→ **How to complete this task**
Keep the pictures out and restate every record exactly.

(Extracted data entries)
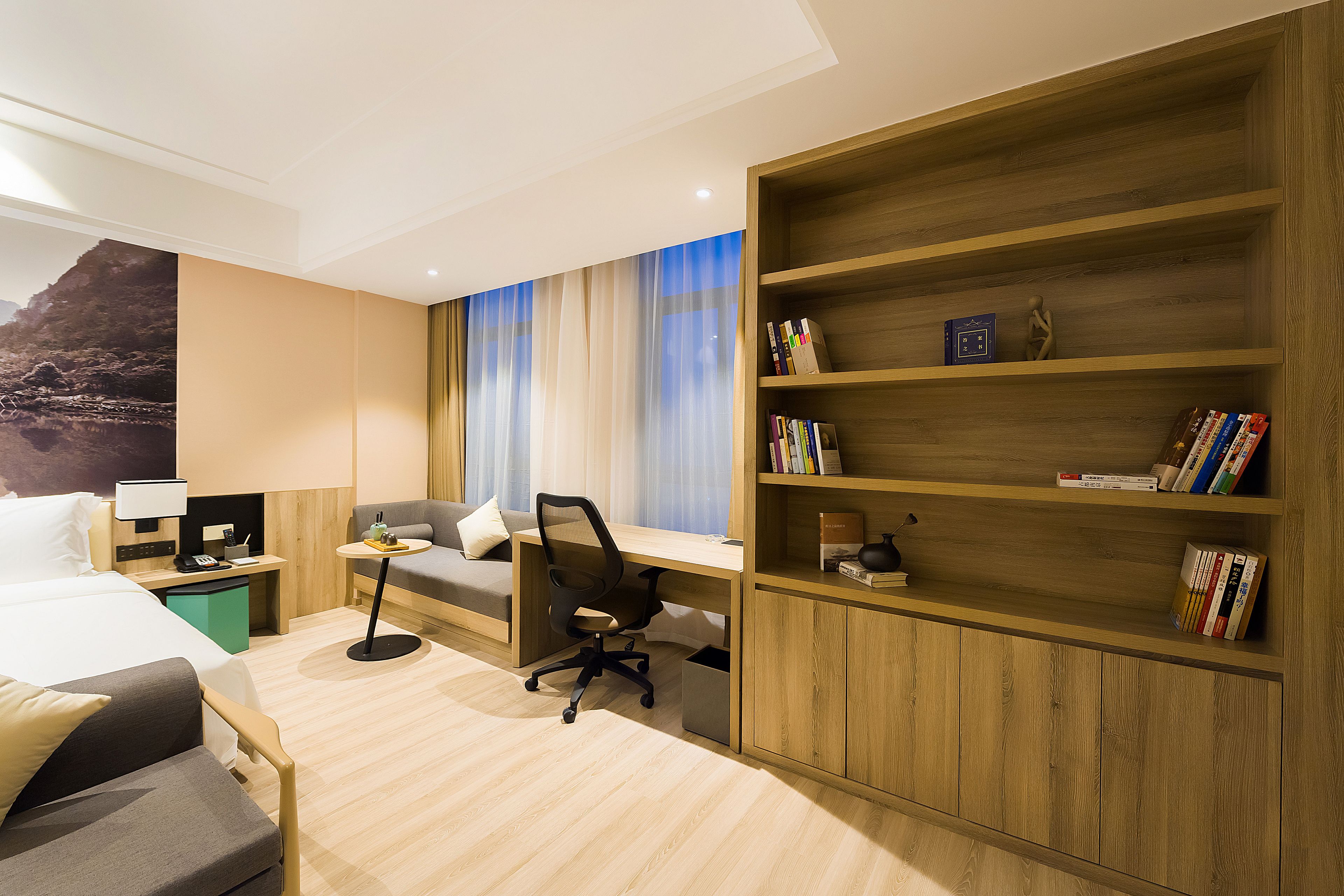 Ein modernes Hotelzimmer mit Bett, Schreibtisch, Stuhl, Bücherregal und einem großen Fenster mit Vorhängen.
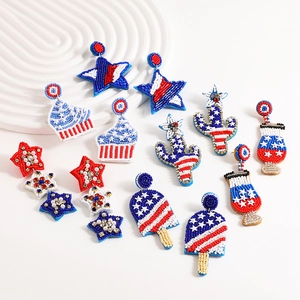 Handmade beaded star and cupcake earrings in red white and blue for Independence Day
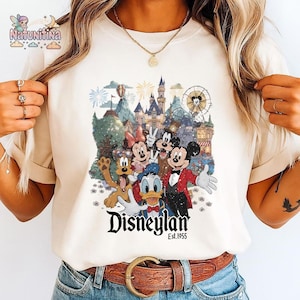 May include: Cream-colored t-shirt featuring a colorful graphic of Disney characters, including Mickey Mouse, Minnie Mouse, Donald Duck, and Goofy, in front of a castle and fireworks display. The word "Disneyland" is printed in a stylized font, with "Est.1955" below.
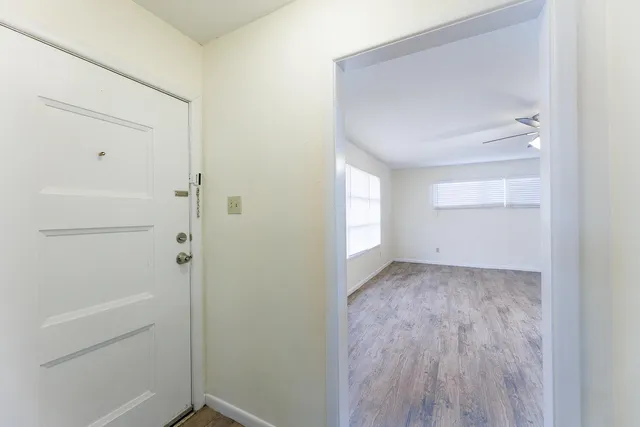 an empty room with wooden floor and chandelier fan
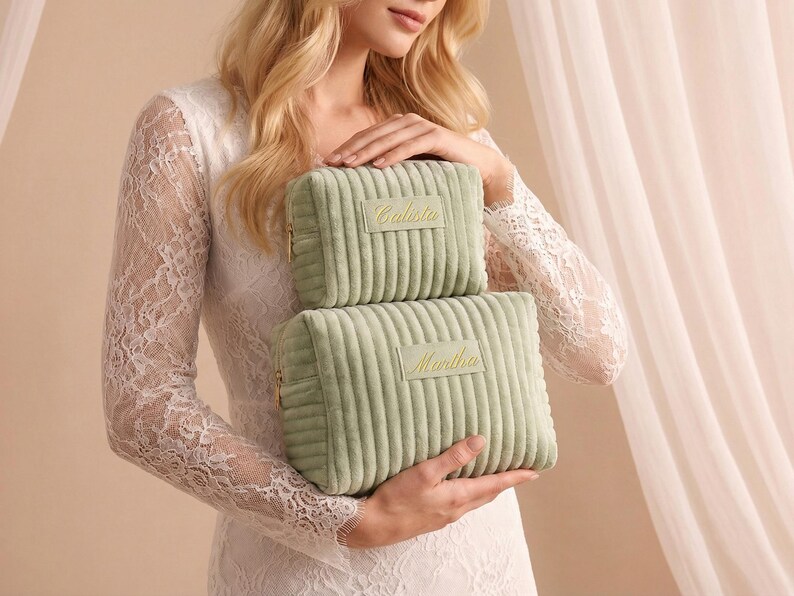 May include: Two sage green corduroy cosmetic bags, one stacked on top of the other. The top bag has the name "Calista" embroidered in gold, and the bottom bag has "Martha" embroidered in gold. Both bags have gold zippers.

→ **Written solution**
 Ein modernes Hotelzimmer mit Bett, Schreibtisch, Stuhl, Bücherregal und einem großen Fenster mit Vorhängen.
 Handmade beaded star and cupcake earrings in red white and blue for Independence Day
 May include: Cream-colored t-shirt featuring a colorful graphic of Disney characters, including Mickey Mouse, Minnie Mouse, Donald Duck, and Goofy, in front of a castle and fireworks display. The word "Disneyland" is printed in a stylized font, with "Est.1955" below.
 an empty room with wooden floor and chandelier fan
 May include: Two sage green corduroy cosmetic bags, one stacked on top of the other. The top bag has the name "Calista" embroidered in gold, and the bottom bag has "Martha" embroidered in gold. Both bags have gold zippers.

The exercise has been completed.